Getting Started with Identity Resolution in LiveRamp Clean Room (Non-US Data)

LiveRamp makes it safe and easy to connect data, and we've built our identity infrastructure capabilities into LiveRamp Clean Room to allow you to resolve and connect data directly where it lives. 

This capability ensures data owners in LiveRamp Clean Room can collaborate with partners on RampIDs as needed, driving an enhanced match within clean room questions and enabling seamless activation of segments built within the clean room.

Note

Overview

To execute data collaboration with enhanced matching on RampIDs for non-US data, you first connect your universe dataset to LiveRamp Clean Room. A universe dataset is your entire set of data (PII or hashed email addresses) that needs to be resolved and unified. This is typically your full customer dataset across CRM-based data, subscriber data, or transaction data.

However, for non-US datasets, you can connect the dataset that is most relevant to your use case (even if it is not your full universe) to optimize the match against LiveRamp RampIDs.

Note

For the purposes of this article, we’ll continue to use “universe dataset” to refer to the dataset that you configure for identity resolution in Clean Room, even if you do not end up connecting your entire universe for your Clean Room use case.

Your universe dataset will be connected at source. Data connections can be configured to any cloud-based storage location, including AWS, GCS, Azure Blob, Snowflake, Google BigQuery, and Databricks (for more information, see “Connect to Cloud-Based Data”.

The universe dataset is required to have a CID (custom identifier) for each row. This should represent how you define a customer within your own systems. 

Once you connect your universe dataset, LiveRamp uses the included identifiers for matching to create an additional linked dataset that maps the provided CIDs with their associated RampIDs. The CIDs in this additional dataset are MD5-hashed to maintain the pseudonymity of the RampIDs. This additional dataset is then used in clean room questions to allow joining datasets between partners on RampIDs.

Once you’ve connected your universe dataset and the associated CID | Ramp ID dataset has been created, you can create data connections for your other data types, such as attribute data, conversions data, or exposure data. For these datasets, you include a column of MD5-hashed CIDs and do not need to include any other identifiers. 

The identity resolution process is refreshed monthly on your dataset, based on the date you configure (other datasets will always be up-to-date because we access that data at source during question runs).

Overall Steps

Using identity resolution in LiveRamp Clean Room involves the following overall steps:

  1. You format your universe dataset.

  2. You create a data connection for your universe dataset.

  3. You perform field mapping for the universe dataset (which involves mapping the fields, adding metadata, and scheduling identity resolution).

  4. LiveRamp creates a linked dataset containing a mapping of MD5-hashed CIDs | RampIDs.

  5. You create additional data connections for other datasets (such as attribute data, conversions data, or exposure data), keyed off of MD5-hashed CIDs.
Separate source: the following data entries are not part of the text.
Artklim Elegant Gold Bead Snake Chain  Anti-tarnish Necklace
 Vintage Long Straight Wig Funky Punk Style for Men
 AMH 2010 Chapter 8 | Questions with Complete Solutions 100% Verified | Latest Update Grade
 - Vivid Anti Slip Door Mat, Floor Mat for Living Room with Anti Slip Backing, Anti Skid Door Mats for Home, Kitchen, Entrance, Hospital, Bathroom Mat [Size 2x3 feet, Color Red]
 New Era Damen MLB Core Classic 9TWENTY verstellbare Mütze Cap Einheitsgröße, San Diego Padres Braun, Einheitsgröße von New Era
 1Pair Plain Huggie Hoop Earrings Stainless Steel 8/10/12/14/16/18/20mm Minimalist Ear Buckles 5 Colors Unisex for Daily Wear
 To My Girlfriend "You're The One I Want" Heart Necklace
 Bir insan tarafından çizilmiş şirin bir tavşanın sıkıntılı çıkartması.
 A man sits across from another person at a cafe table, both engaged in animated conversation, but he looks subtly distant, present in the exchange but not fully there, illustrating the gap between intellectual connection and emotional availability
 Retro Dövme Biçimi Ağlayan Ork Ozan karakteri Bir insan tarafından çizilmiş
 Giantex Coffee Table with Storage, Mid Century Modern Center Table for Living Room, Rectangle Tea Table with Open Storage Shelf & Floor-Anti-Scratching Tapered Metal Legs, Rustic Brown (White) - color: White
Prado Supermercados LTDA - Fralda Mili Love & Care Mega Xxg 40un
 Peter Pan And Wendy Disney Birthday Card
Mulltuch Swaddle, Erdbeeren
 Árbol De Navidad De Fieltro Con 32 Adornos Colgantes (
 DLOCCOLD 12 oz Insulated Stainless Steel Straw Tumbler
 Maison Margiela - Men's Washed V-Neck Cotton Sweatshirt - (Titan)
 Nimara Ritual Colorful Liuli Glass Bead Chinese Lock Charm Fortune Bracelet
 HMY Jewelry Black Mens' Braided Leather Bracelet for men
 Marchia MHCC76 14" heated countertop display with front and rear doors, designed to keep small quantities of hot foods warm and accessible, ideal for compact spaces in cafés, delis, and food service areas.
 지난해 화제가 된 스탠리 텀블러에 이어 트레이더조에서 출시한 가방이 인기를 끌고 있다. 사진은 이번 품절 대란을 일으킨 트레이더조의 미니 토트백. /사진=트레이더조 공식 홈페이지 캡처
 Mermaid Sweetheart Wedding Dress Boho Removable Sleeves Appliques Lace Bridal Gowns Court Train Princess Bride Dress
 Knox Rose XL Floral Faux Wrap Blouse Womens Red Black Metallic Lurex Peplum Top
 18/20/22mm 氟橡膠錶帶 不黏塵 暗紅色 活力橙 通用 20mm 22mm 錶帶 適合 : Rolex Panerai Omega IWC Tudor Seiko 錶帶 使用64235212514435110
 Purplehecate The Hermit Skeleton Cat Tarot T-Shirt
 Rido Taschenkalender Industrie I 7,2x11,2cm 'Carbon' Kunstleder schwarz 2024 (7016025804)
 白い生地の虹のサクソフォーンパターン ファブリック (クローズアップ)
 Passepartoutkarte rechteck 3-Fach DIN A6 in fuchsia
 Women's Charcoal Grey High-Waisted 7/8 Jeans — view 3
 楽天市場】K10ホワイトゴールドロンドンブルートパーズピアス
  6. You provision the required datasets to clean rooms.

  7. Your and your partners create and run clean room questions that use the linked dataset and other datasets keyed off of MD5-hashed CIDs.

For more information on performing these steps, see the sections below.

Format a Universe Dataset (Non-US Data)

Before creating the data connection for your non-US data universe dataset, make sure it’s formatted correctly. 

Note

For information on formatting a US data universe dataset, see “Format a Universe Dataset (US Data)”.

The universe dataset should represent your full audience and should include all user identifiers (PII touchpoints) that will be used during identity resolution to resolve to derived RampIDs. However, you can connect the dataset that is most relevant to your use case (even if it is not your full universe) to optimize the match against LiveRamp RampIDs.

LiveRamp uses this dataset to create a mapping between your CIDs and their associated RampIDs. This mapping lives in a linked dataset and allows you to use RampIDs as the join key between each partner's datasets in queries.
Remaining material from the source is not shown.